== Dataset extract ==
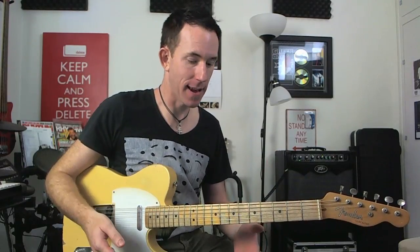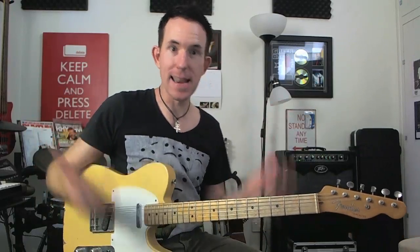This ties back into the whole thing about why Nail Guitar is called Nail Guitar. It's because I'm always trying to help people not just kind of sort of be able to play the guitar — you want to be able to nail it, so that you've got control. That's what it's all about.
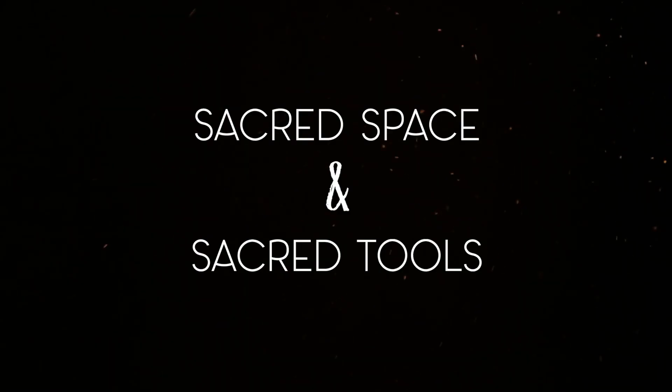We got tea, we got dogs, we're ready to go. Hey guys, I'm back. What's all over your face? Today we're going to talk about creating sacred space and sacred tools.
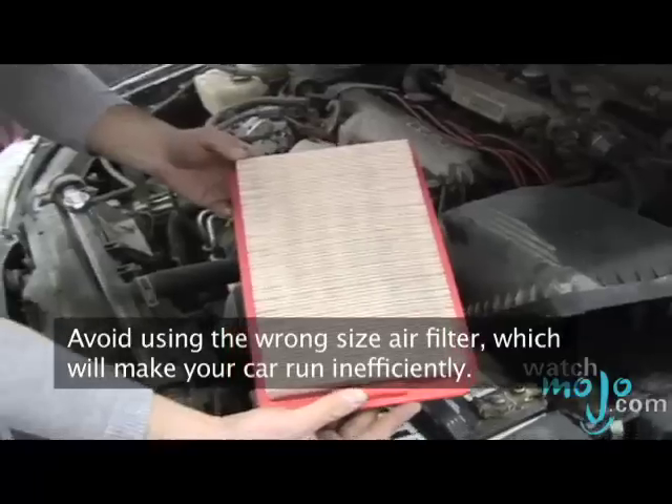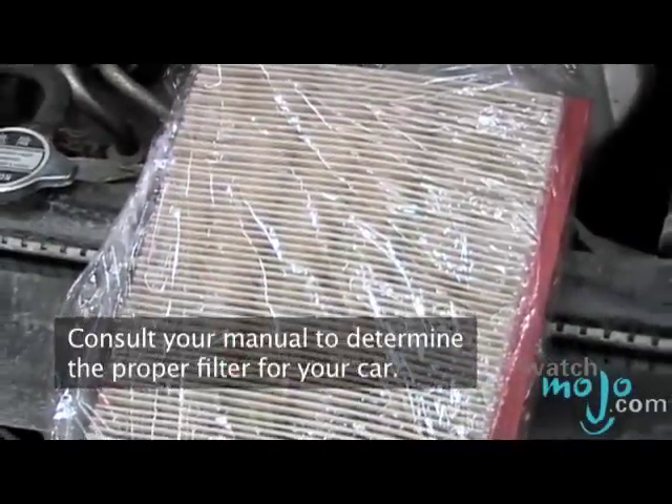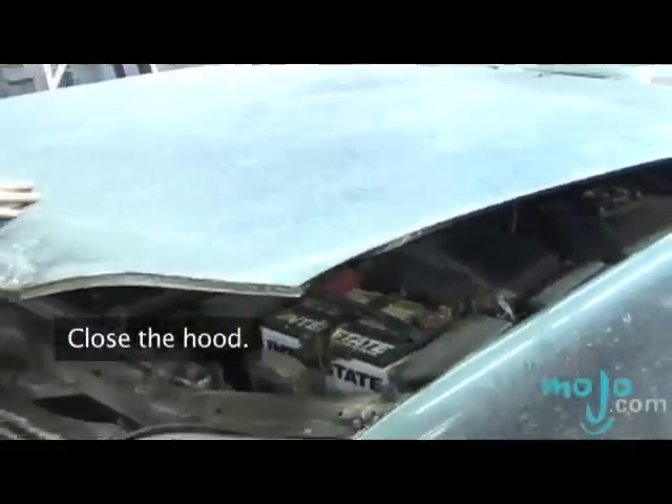Replace the cover. Avoid using the wrong size air filter — your car will run inefficiently. Consult your manual to determine the proper filter for your car. Close the hood and you're finished.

== About this task ==
Exactly as they appear above, print all the lines, but not the pictures.

== Task answer ==
This ties back into the whole thing about why Nail Guitar is called Nail Guitar. It's because I'm always trying to help people not just kind of sort of be able to play the guitar — you want to be able to nail it, so that you've got control. That's what it's all about.
We got tea, we got dogs, we're ready to go. Hey guys, I'm back. What's all over your face? Today we're going to talk about creating sacred space and sacred tools.
Replace the cover. Avoid using the wrong size air filter — your car will run inefficiently. Consult your manual to determine the proper filter for your car. Close the hood and you're finished.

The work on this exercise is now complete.